Content starts

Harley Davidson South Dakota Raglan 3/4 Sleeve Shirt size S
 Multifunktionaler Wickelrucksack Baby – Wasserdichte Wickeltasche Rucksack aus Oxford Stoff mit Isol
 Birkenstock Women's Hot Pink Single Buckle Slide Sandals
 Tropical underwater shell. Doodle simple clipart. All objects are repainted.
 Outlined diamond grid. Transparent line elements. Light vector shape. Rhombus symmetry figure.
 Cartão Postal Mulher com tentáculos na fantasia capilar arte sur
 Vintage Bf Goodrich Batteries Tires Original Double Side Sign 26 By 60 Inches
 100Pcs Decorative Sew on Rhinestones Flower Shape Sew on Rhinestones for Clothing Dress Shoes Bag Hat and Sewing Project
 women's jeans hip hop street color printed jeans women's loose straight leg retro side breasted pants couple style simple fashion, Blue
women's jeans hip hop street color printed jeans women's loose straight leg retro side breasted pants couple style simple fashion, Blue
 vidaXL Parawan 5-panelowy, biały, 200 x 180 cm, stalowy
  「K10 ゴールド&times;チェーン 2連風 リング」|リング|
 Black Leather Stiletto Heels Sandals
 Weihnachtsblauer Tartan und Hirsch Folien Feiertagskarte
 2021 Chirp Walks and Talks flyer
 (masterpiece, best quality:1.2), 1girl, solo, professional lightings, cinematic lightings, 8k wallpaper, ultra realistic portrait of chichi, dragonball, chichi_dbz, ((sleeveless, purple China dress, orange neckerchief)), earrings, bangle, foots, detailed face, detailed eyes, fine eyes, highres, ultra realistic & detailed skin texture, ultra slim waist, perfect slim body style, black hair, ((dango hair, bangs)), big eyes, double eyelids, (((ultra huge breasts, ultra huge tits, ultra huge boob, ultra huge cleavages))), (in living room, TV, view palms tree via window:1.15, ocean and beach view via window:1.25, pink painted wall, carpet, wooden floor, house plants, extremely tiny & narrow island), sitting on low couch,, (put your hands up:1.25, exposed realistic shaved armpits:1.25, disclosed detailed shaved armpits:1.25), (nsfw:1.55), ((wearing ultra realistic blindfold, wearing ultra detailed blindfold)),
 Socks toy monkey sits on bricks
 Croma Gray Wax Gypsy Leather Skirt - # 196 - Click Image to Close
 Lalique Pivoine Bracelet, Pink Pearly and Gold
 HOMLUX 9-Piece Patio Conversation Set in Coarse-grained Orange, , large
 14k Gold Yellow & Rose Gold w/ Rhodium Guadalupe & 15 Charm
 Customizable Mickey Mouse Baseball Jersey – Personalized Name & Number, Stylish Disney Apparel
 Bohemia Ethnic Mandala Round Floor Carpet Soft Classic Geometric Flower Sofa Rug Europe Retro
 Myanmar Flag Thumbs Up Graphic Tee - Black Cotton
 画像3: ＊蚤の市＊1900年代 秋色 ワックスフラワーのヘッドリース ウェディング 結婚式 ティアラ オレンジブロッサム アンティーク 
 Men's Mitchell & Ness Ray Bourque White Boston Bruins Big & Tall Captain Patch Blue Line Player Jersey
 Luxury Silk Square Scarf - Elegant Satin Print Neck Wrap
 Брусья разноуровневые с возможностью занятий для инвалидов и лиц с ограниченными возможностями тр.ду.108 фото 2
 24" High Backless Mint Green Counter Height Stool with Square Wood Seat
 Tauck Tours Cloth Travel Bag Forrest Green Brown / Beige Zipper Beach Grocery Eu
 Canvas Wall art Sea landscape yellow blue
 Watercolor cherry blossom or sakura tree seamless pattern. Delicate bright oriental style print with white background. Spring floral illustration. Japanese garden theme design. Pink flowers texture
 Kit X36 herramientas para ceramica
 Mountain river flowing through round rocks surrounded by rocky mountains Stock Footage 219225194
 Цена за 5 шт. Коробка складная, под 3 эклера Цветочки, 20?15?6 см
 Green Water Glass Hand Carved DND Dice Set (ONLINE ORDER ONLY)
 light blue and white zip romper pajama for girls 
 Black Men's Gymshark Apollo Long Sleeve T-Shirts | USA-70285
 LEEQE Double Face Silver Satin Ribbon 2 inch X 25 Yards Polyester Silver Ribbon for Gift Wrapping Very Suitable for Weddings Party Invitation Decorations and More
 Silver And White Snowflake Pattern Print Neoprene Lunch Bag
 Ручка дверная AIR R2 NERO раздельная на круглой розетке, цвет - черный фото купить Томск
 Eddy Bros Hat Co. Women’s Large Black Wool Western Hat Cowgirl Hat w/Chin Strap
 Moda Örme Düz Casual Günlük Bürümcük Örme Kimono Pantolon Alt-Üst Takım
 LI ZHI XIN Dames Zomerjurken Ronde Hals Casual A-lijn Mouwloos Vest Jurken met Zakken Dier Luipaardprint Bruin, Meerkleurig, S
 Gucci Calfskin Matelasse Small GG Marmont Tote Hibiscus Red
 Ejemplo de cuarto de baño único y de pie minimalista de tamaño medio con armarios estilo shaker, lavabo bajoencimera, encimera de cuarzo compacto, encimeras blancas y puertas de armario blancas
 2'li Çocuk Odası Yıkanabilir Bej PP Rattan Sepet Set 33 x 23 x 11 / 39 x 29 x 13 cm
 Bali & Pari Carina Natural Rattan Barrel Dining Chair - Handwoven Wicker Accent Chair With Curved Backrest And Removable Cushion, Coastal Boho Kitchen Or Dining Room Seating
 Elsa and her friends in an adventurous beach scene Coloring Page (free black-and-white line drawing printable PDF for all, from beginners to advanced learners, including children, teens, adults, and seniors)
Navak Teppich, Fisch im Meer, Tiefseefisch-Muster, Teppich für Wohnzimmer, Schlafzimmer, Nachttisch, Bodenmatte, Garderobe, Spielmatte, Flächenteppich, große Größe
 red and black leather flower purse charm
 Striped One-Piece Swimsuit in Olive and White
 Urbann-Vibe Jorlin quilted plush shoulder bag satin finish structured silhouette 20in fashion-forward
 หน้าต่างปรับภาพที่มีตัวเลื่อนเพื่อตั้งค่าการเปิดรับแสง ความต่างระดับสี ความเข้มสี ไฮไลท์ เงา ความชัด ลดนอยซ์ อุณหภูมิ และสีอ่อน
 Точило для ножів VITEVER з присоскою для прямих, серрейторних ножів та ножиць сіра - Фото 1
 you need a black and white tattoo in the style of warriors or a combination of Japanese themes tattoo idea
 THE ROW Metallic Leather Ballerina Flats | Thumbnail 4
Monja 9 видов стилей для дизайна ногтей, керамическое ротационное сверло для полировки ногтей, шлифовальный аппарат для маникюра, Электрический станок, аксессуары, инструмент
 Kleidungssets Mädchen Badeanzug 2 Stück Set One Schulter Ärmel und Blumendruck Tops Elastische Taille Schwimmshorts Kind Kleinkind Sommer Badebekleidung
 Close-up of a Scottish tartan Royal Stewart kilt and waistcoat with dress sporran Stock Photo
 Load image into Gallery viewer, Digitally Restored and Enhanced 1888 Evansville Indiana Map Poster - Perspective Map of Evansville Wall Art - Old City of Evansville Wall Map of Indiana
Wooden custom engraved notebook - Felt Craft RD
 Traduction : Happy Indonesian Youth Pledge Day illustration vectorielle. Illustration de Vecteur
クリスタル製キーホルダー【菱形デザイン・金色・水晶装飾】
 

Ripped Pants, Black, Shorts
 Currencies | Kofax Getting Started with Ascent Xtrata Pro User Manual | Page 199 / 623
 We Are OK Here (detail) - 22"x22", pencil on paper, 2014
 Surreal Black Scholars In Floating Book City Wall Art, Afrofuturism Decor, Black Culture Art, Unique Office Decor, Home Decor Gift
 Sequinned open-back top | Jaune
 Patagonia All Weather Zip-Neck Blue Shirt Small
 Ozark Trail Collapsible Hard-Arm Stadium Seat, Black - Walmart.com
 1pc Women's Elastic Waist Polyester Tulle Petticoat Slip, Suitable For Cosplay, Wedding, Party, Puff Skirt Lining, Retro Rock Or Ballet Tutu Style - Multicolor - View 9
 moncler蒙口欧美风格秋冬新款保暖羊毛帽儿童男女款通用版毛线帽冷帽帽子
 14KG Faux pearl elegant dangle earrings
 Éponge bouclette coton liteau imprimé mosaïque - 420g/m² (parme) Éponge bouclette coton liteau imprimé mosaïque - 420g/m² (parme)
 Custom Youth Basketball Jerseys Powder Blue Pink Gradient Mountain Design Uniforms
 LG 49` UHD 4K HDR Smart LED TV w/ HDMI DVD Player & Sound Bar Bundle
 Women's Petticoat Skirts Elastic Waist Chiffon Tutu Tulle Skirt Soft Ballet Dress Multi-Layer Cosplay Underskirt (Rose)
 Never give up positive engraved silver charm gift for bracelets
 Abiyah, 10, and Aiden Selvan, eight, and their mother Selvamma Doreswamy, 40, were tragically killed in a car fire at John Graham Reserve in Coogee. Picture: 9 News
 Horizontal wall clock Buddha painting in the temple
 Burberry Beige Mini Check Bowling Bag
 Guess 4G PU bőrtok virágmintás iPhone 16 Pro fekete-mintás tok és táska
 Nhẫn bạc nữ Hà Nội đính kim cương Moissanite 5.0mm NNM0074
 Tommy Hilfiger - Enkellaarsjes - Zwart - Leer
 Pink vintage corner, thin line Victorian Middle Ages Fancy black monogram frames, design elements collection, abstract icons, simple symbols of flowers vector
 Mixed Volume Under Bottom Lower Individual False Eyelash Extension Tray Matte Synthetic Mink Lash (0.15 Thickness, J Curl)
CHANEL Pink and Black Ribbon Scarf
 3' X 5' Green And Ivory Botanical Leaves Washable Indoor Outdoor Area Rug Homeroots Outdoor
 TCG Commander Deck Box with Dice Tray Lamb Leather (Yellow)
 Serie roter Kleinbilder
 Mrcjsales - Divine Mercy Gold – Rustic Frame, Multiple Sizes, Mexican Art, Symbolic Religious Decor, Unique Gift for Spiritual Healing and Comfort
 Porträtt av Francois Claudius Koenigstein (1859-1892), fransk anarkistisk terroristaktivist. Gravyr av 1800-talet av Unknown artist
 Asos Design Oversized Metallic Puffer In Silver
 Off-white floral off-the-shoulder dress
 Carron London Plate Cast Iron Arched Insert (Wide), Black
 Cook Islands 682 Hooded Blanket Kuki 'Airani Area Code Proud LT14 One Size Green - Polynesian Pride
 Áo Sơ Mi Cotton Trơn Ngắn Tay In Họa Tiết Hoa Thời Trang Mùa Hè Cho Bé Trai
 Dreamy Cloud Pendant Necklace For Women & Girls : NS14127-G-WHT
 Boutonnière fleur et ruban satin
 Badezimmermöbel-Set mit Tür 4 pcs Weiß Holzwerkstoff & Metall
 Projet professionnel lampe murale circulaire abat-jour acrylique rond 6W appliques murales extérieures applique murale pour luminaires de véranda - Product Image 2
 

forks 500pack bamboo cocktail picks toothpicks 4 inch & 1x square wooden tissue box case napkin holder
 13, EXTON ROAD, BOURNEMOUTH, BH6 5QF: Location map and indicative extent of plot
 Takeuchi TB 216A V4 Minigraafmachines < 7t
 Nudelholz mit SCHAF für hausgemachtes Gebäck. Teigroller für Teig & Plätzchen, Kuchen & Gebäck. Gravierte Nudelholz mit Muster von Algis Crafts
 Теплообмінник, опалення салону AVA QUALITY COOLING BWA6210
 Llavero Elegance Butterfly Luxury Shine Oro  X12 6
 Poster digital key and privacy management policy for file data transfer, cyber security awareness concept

Content ends

- What is being asked
Only the lines containing "Small" are needed; copy each of them from the data.

- Exercise response
 Gucci Calfskin Matelasse Small GG Marmont Tote Hibiscus Red
 Patagonia All Weather Zip-Neck Blue Shirt Small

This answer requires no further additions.